Après un premier album certifié classique, le retour du MC de Queensbridge était l’un des évènements les plus attendus du microcosme hip-hop. Nas confirmerait-il son statut de meilleur plume new-yorkaise, ou alors ne serait-il qu’un épiphénomène de plus comme cette culture en a trop connu? La pression est donc grande pour Nasir Jones au moment de la livraison de ce second opus. Entre une presse dithyrambique à son endroit et un public qui place en lui d’énormes espoirs, le rappeur joue la carte de l’ouverture avec le single
If I Ruled The World (Featuring
Lauryn Hill des Fugees, qui à l’époque avaient réalisé de très bonnes ventes avec le très controversé
The Score) lancé en éclaireur. Tout le monde l’ignore encore mais ce titre est presqu’à lui tout seul un résumé de l’album.

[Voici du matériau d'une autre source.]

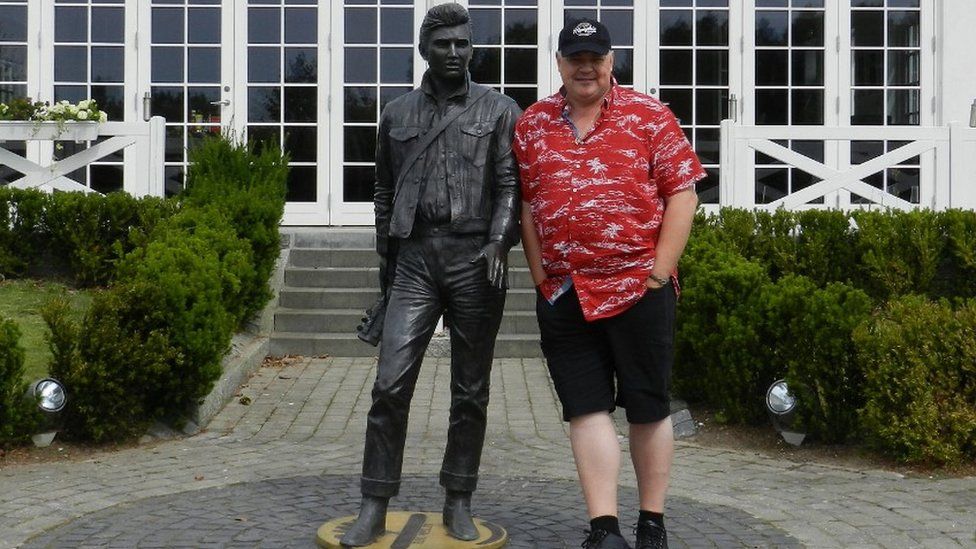 Henrik Knudsen and Elvis statue outside the Dane's extensive tribute to the King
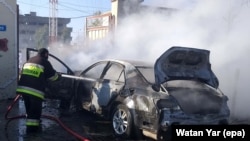 FILE: Firefighters extinguish fire from a vehicle hit by roadside bomb in Helmand in March 2019.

Refrain chanté accrocheur, mélodie empruntée à
Kurtis Blow, arrivée en grande pompe des
Trackmasterz, thème qui n’est pas sans rappeler le
World Is Yours du premier album et rimes toujours aussi accrocheuses. Dans la foulée, on apprend que
Dr Dre produira un son sur cet album. De quoi dérouter les hip-hop heads les plus radicaux de l’époque pour qui Dr Dre=gros sons commerciaux. Le public est donc assez divisé au moment ou
It Was Written arrive dans les bacs.
Une première écoute rapide nous permet de réaliser que Nas a clairement voulu évoluer en ne livrant pas un
Illmatic bis.
DJ Premier ne produit qu’un seul titre
I Gave You Power, le reste étant principalement l’oeuvre des
Trackmasterz (
L.E.S.,Poke, Tone). La présence de
JoJo du groupe
Jodeci (à l’époque en pleine gloire) sur
Black Girl Lost ne manque pas de décontenancer plus d’un. Les refrains chantés sont à l’honneur et les samples sont beaucoup plus accessibles que sur le précédent opus. Sans compter qu’au niveau des textes, Nas s’aligne sur la mode New-yorkaise de l’époque en innervant ses lyrics de références aux films de gangsters, en se rebaptisant Nas Escobar (en référence au célèbre trafiquant de drogue Pablo Escobar) et en arborant la panoplie du parfait mafioso (vêtements de haute couture, cigare et belles voitures) dans ses vidéos. Le mythe du street poet en prend un coup . Mais il convient de passer outre ces idées arrêtées pour réellement apprécier cet album.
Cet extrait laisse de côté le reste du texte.